Pete's Expert Summary
My human has presented me with a box full of colorful, pungent lumps and plastic molds. From what I can gather, this "Play-Doh" contraption is not a toy in the traditional sense, but rather a kit for the human to engage in some sort of ritualistic sculpting. They are meant to create small, garishly colored equine figures, apparently from a "magical friendship" series I have no time for. The potential for amusement here is minimal. While the finished, fragile statues might offer a moment's diversion before being batted under the sofa, the primary activity seems to be a slow, messy, and entirely human-centric affair. The only redeeming quality might be the distinct, salty scent of the dough, which is mildly intriguing, but ultimately not edible.

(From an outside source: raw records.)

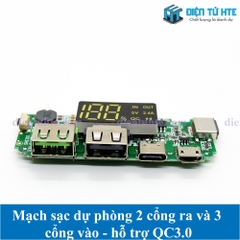 Mạch Pin dự phòng ra 2 cổng 5V 2.4A/QC - Vào 3 cổng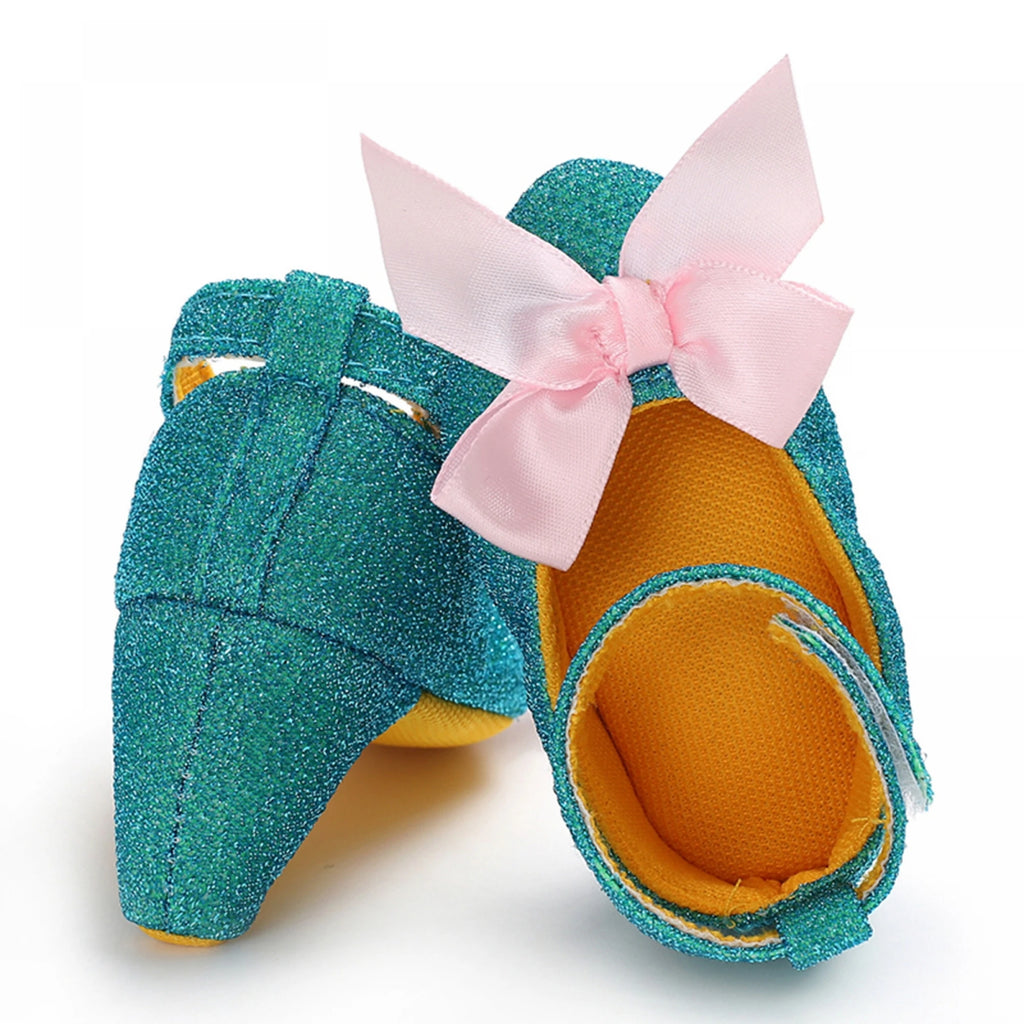 Baby Girls Princess High Heels Photography Accessories Cute Fashionable Infant Bow Decor Dress Shoes Party Photography Props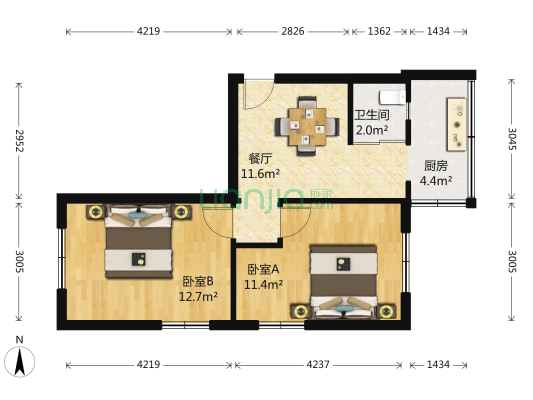 建华巷（三八广场） 2室1厅1卫 57平方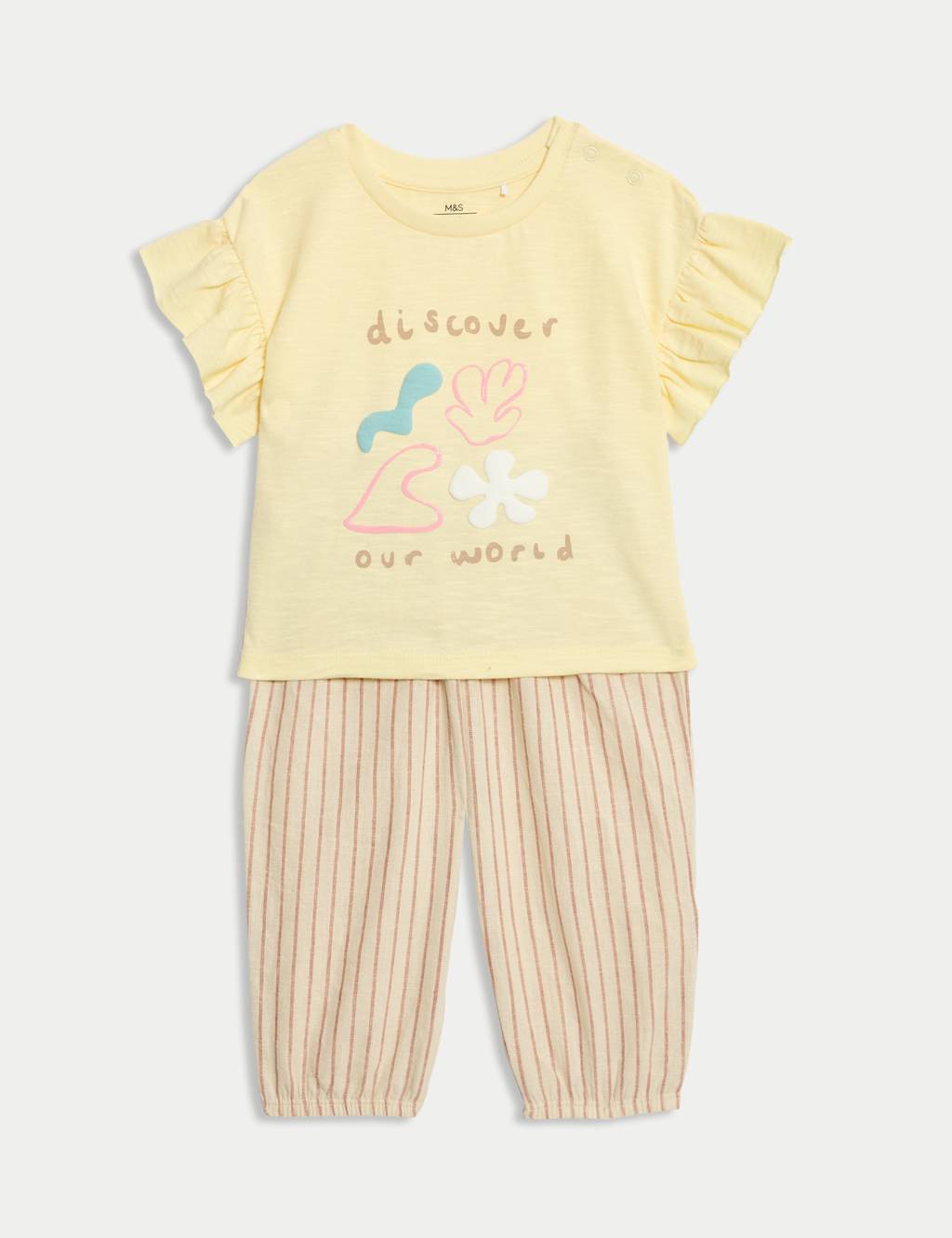 2pc Cotton Rich Striped Outfit (0-3 Yrs) 1 of 6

A waste of perfectly good napping and/or staring-at-the-wall time.
Key Features
- Make the cast from My Little Pony Friendship is Magic series or customize your own
- 4 molds to create each type of pony: Earth, Pegasus, Unicorns, and Princesses
- A rainbow of 9 colors lets you get creative with your favorite ponies
- Make cutie marks, rainbow manes and tails, and more with the half-mold palette
A Tale from Pete the Cat
The smell arrived first, an olfactory herald of the strangeness to come. It was a salty, chemical scent, a perfume that spoke of artificiality and human hands. My human, with the focused intensity they usually reserve for opening a can of tuna, began mashing the colorful lumps. I watched from my perch on the back of the sofa, my tail giving a slow, judgmental twitch. They were performing some sort of alchemy, pressing the pliable substance into plastic prisons, only to birth a small, lumpy creature with a rainbow mane. It was a "Pegasus," they cooed, placing the static, doughy thing on the coffee table. I remained still, observing this new icon. It was an affront to nature. It did not chirp, scurry, or flutter. It simply sat there, a silent, multicolored idol in the center of our shared territory. The human continued their work, creating a small pantheon of these oddities—a unicorn, an earth pony, each adorned with misshapen "cutie marks." They were arranged in a neat line, a silent, doughy council passing judgment on my domain. Was this a challenge? A new religion being established in my living room, with me-as-deity being usurped by these lumpen pastel gods? My curiosity, a force far stronger than my dignity, compelled me to descend. I padded silently across the rug, my paws making no sound. I approached the Pegasus, the first of its kind. It stared back with nonexistent eyes. I extended a single, perfect claw, and gently tapped its wing. The structure yielded, indenting with a soft squish. The wing, once proud, now drooped pathetically. It was weak. A false god. A profound understanding washed over me. These were not idols for worship; they were offerings. My human was painstakingly creating these fragile effigies as a tribute *to me*. They were constructing them with the inherent knowledge that their existence was fleeting, that their ultimate purpose was to be presented to their furry overlord for inspection and, inevitably, destruction. I nudged the Pegasus with my nose, and it toppled over with a soft thud. I was not being replaced. I was being appeased. The toy was, in its own strange way, perfectly acceptable.